Q: What is homeshare?
Homeshare is a very simple idea. It is essentially an exchange of services. A householder offers accommodation to a homesharer in exchange for an agreed level of help. The householder may need help with the household tasks, or some financial support, or a combination of both. Homeshare recognises that two people have needs and something to offer.
Homeshare programmes are run by not-for-profit agencies which:
- aim to meet identified needs within their own communities;
- provide guidelines for the operation of the programme;
- manage the applications process. Often they screen applicants, match them individually and provide support.
No two homeshare programmes are exactly alike, but there are many common threads:
- many homeshare programmes aim to enable older people to remain independent in their own homes by finding a homesharer willing to offer support or a modest income;
- many programmes have been set up to meet the accommodation needs of students in places where accommodation is scarce or expensive;
- some homeshare programmes have been set up to promote solidarity between older and younger generations;
some homeshare programmes cater for the needs of disabled people.
Q: What can homeshare offer?
Homeshare is a very flexible concept. It can meet many needs and be adapted to different countries, cultures and circumstances. Homesharing is already benefiting:
- elderly people
- disabled people
- single parents
- people who need additional income
- younger people, including students
- the community as a whole
For elderly people
Many older people live alone. They may find that family and friends are too far away to give the help, companionship and security they need. Some may find it a struggle to maintain their independence at home, yet do not want to move into alternative accommodation such as a care home. Even if they can survive alone, they may want a better quality of life in their own homes. Perhaps they need some additional income; perhaps they just want someone to share their lives.
The needs of elderly people vary, but some of the most common include:
- help with household tasks such as cooking, shopping, cleaning, gardening, and caring for pets
- companionship and friendship
- personal care – for those who are more dependent
- security – for example having someone in the house at night
- an additional source of income
The first homeshare match in London brought together an elderly lady who needed help to care for her dog and a young New Zealander
Homeshare protects the autonomy of elderly people. It builds self-esteem by reminding older people how much they have to give. And, given that most homesharers are younger people, it develops respect, empathy, and understanding between the generations.
For younger people
Younger people, with limited funds, often move to a new city – or country – to study or find work. Homesharing can offer:
low cost and secure accommodation
companionship, especially if they have no family or friends in their new home area
help to learn or practice a new language – and understand a different culture – if they have moved to a new country
Many younger people who take part in homeshare programmes have a particular empathy with older people. And who can put a value on the wisdom and experience of life imparted by an older person?
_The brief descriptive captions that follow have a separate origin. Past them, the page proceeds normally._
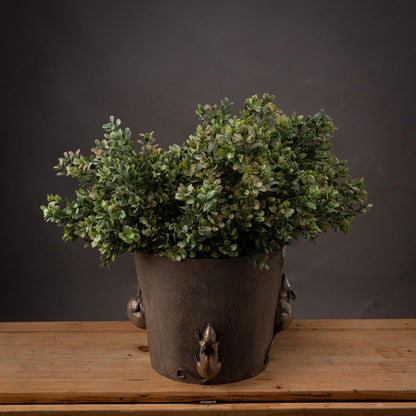 Red Tipped Leaf Spray - Eudemonia Home Goods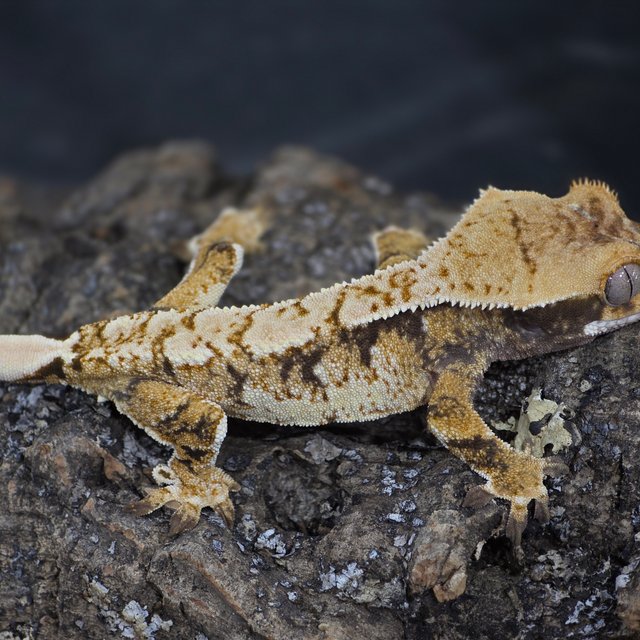 트라이 익스트림할리퀸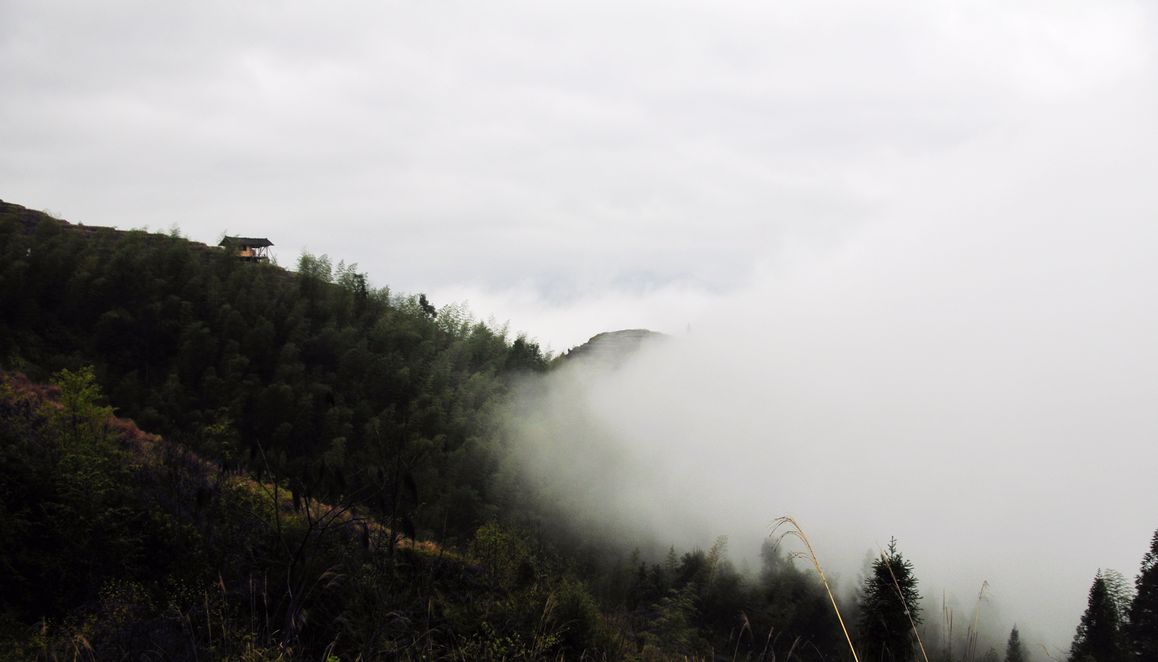 _DSC8958.jpg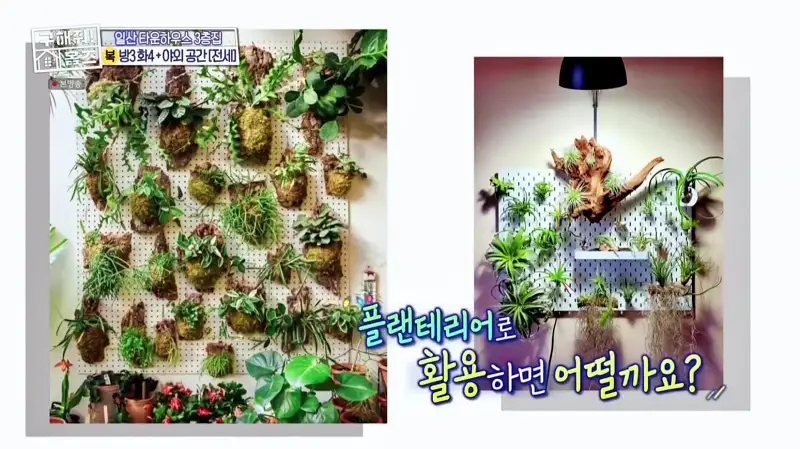 구해줘홈즈 고양시 일산서구 덕이동 최강 옆집 하우스 매물 가격 및 구조 인테리어 리모델링 소개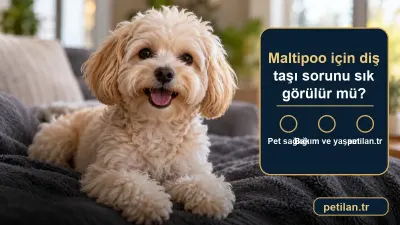 Maltipoo için diş taşı sorunu sık görülür mü?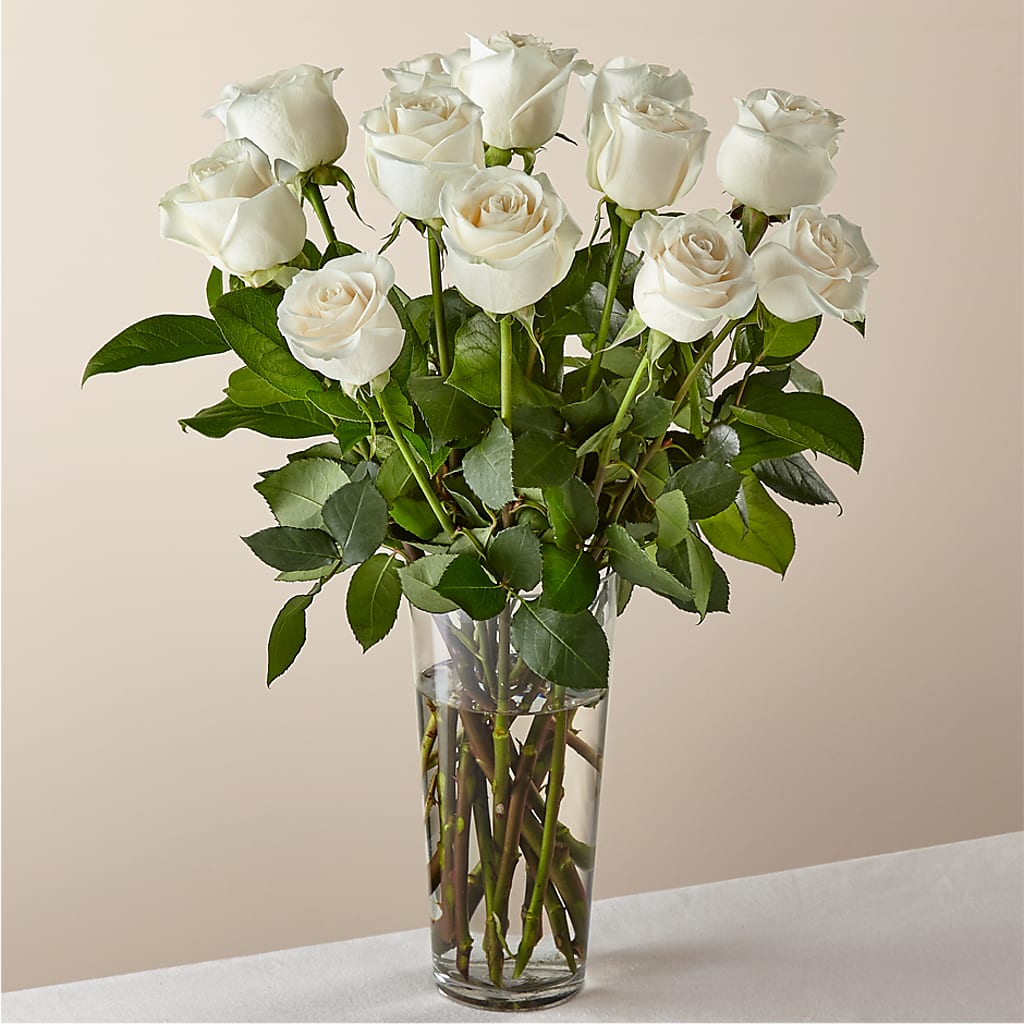 Long Stem White Rose Bouquet – KLEIN'S FLORAL & GREENHOUSES INC, Madison WI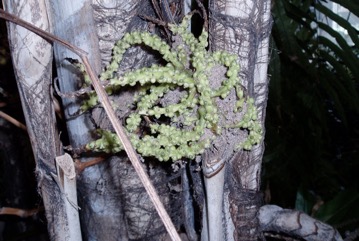 Lesser fishtail palm, Clustered fishtail palm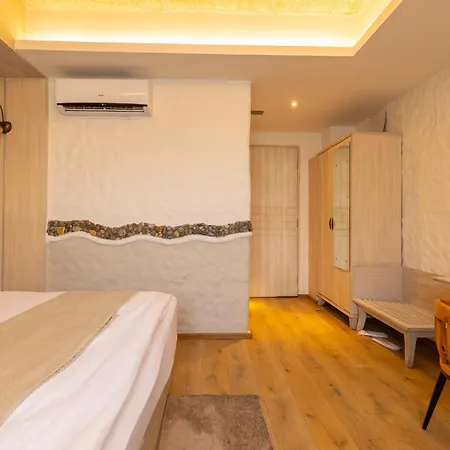 Arushi Boutique Hotel-3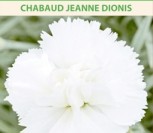 TIKRIEJI GVAZDIKAI CHABAUD JEANNE DIONIS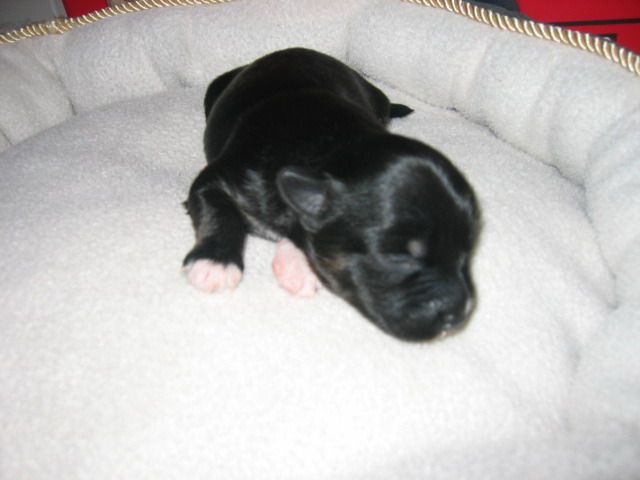 Ladyday Coltrane  Poarott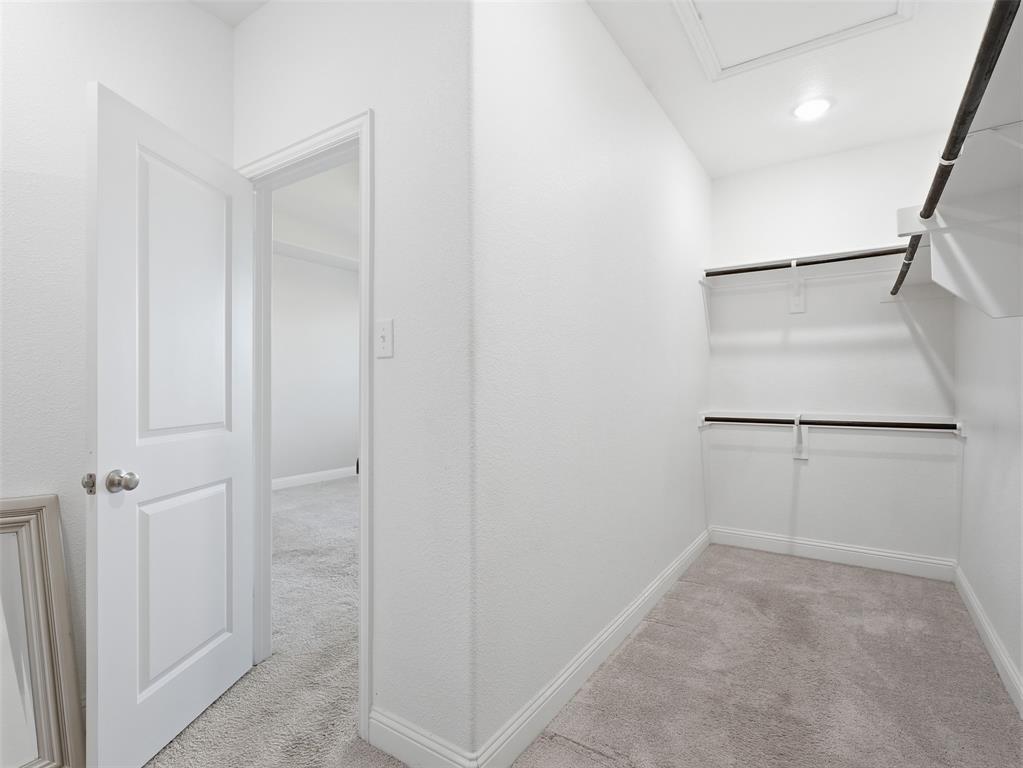 1128 Red Hawk Lane Forney, TX 75126 - Photo 21 of 37 Walk-in closet with carpet flooring, white shelving, and hanging rods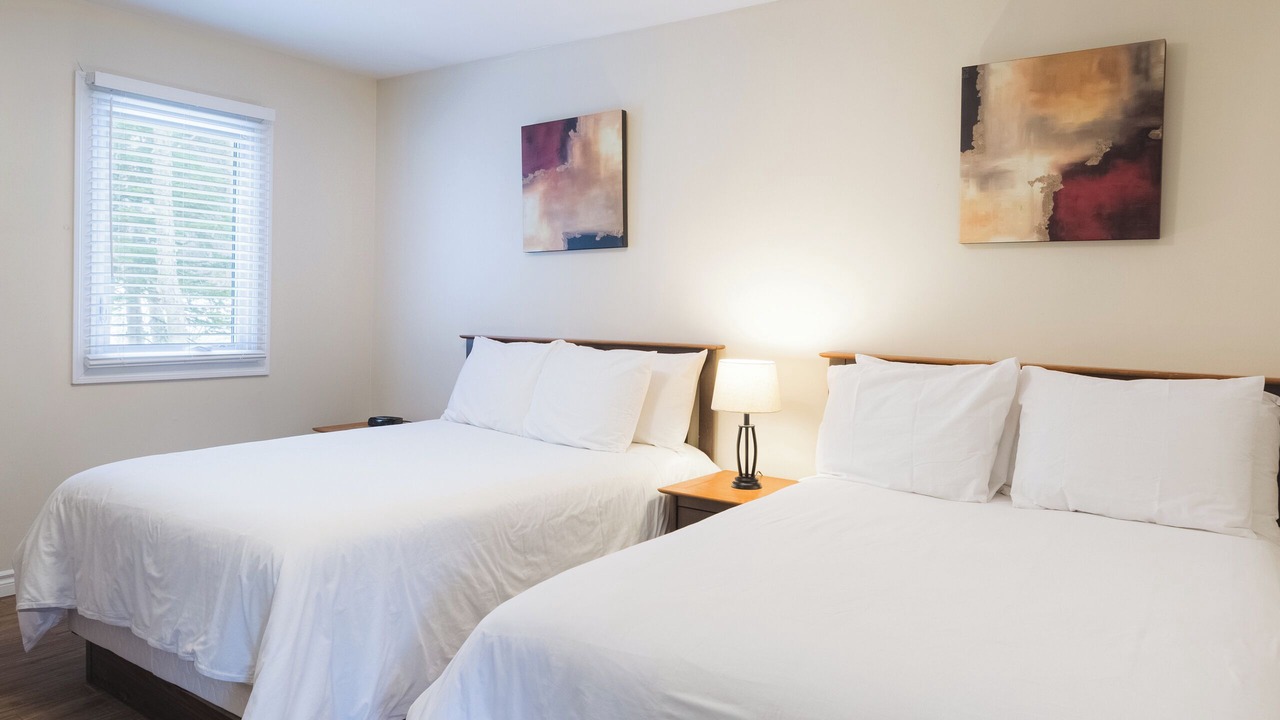 Photo of Others in Steady Brook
You can post a message on our Forum if you want to share your experiences of homesharing.
For single parents
For single parents, homesharing can provide help with expenses, childcare, and the security of having another adult in the home. A growing number of shared housing programmes in the United States are helping single parents find homesharers.
For people who need additional income
Homesharing can support people whose over-riding need is extra income. Older people receive little financial support in some countries where homeshare operates. In countries where pensions are better, some householders may still need additional income and the rent from a spare room can help.
For disabled people
Disabled people are increasingly living independent lives but many still welcome help in the home or the security of a live-in companion. Homesharing can support physically or mentally disabled people, either as a stand-alone service or as part of a package of care.
Homeshare is a simple idea with enormous potential to respond to many of today’s social trends – such as:
- the ageing population and the growth of one-person households
- the geographical dispersion of family units
- the rising numbers of younger people in higher education
- the growing prevalence of younger people studying and working in a foreign country
- the rise in the proportion of disabled people living in the community
- the rising numbers of single parent families
Because each Homeshare match is unique and personal to those involved, there are often hidden benefits where both parties gain much more than they expected.
Q: How does homeshare work?
Homeshare works along slightly different lines in different places.
All homesharers receive their own room in the householder’s home, plus shared use of the kitchen and bathroom and often the sitting room and garden as well. What they offer in exchange varies.
In many homeshare arrangements, the homesharer offers a service in exchange for accommodation.
- In England, most homesharers give ten hours of service per week to the householder.
- In some countries householders are quite independent and need only a little help, but do need some extra income. They may offer accommodation in exchange for rent or a combination of rent and services.
- In Germany and Austria, the younger homesharers give one hour of help per month for every square metre of their room, plus a small rent.
- In the Czech Republic, householders receive a combination of rent and services.
- In the USA, where homesharing is the most established of any country, arrangements are diverse. However, most programmes involve both a rental payment and a service exchange.
Some other approaches
In Spain, homeshare programmes are being run in universities where student accommodation is scarce. The underlying aims are to solve students’ accommodation problems and to promote solidarity between the generations at the same time. A clear distinction is made between elderly householders who are more independent (Type A matches) and those who need more care (Type B). However, Type B matches are rare. Student homesharers receive accommodation and, if they are caring for a dependent elderly person, a small payment.